The End of Louis XV's Reign

Louis XV's final years witnessed the complete collapse of royal authority and prestige. The king, aged and unpopular, retreated into private pleasures while crises multiplied. Madame du Barry's influence symbolized the regime's decadence—a former prostitute effectively governing France. The parlements' triumph over Maupeou's reforms demonstrated royal impotence. Foreign policy failures and financial crisis completed the monarchy's discredit.

The king's death from smallpox (May 10, 1774) occasioned little mourning. His rushed burial at Saint-Denis, conducted at night to avoid demonstrations, contrasted sharply with the elaborate obsequies of earlier monarchs. Parisians celebrated, as they had at Louis XIV's death, but with greater bitterness. Popular songs mocked the dead king's vices and failures. The monarchy that had seemed divinely ordained increasingly appeared a corrupt human institution.

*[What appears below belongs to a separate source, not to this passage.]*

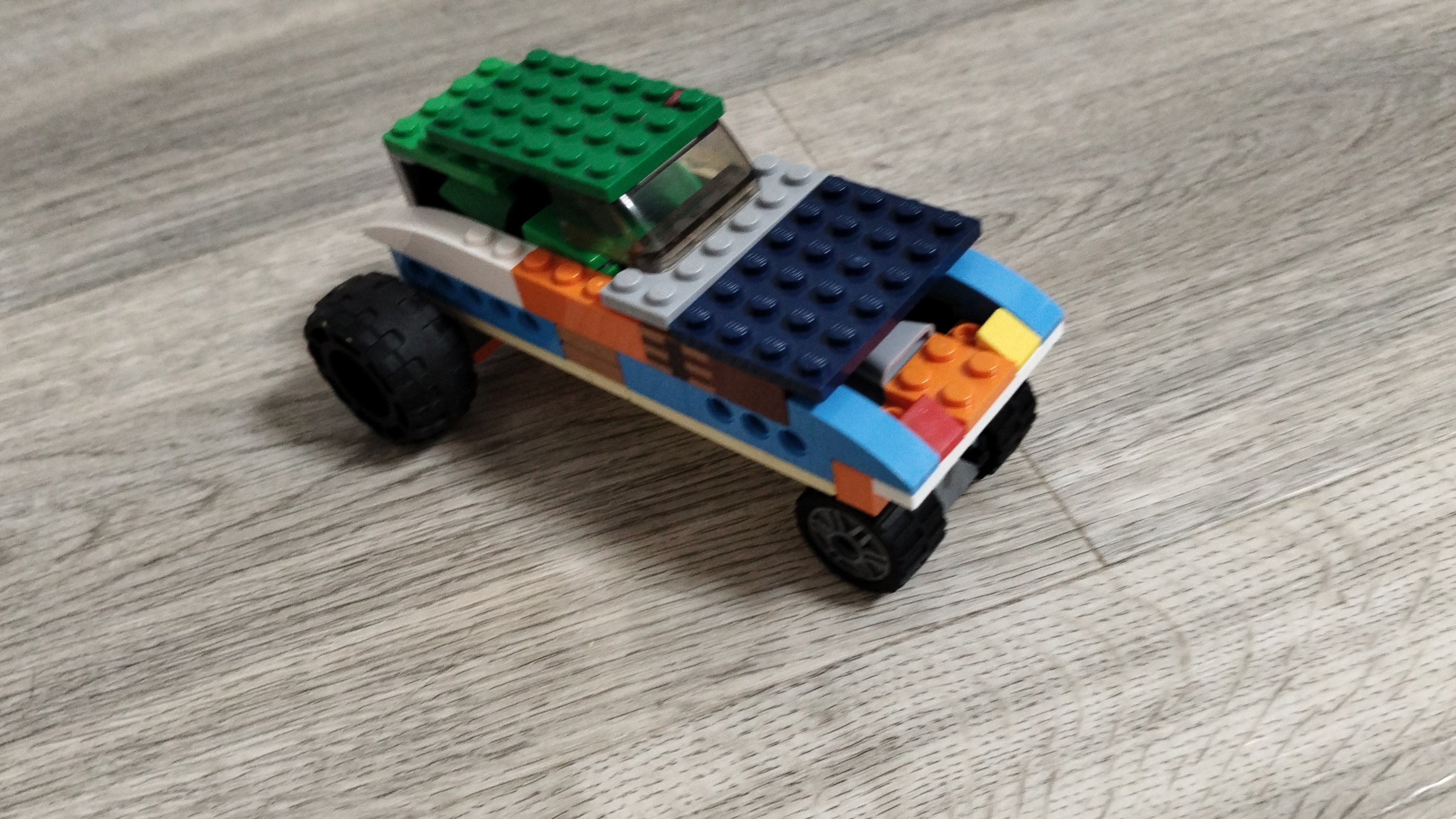 краш-тест лего автомобиля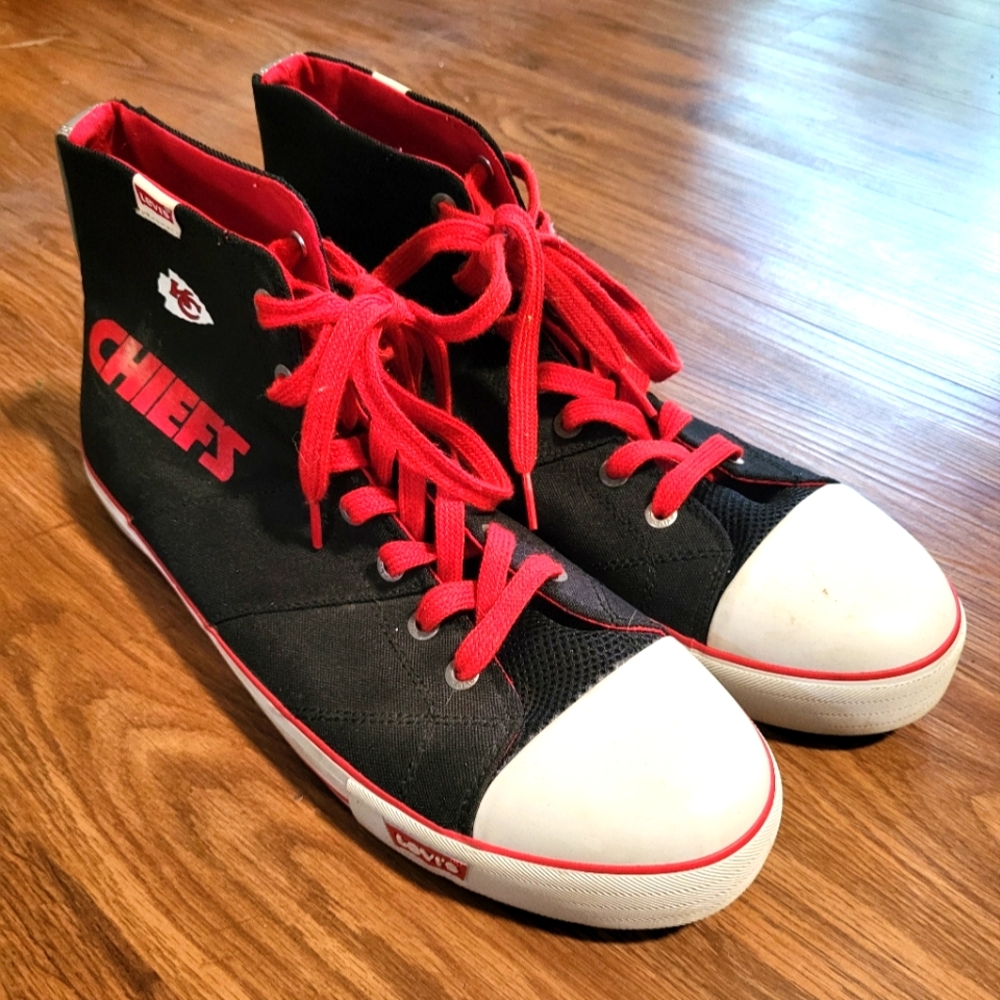 Levi's Kansas City Chiefs shoes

Louis XV's legacy was almost entirely negative. He left crushing debts, a discredited government, and widespread cynicism about royal authority. His reign demonstrated that mediocre kings could not operate the absolutist system, which required exceptional dedication and ability. His failure to produce reforms that might have saved the monarchy stemmed partly from personal weakness but mainly from structural obstacles that defeated abler rulers. The Old Regime's contradictions had become irreconcilable.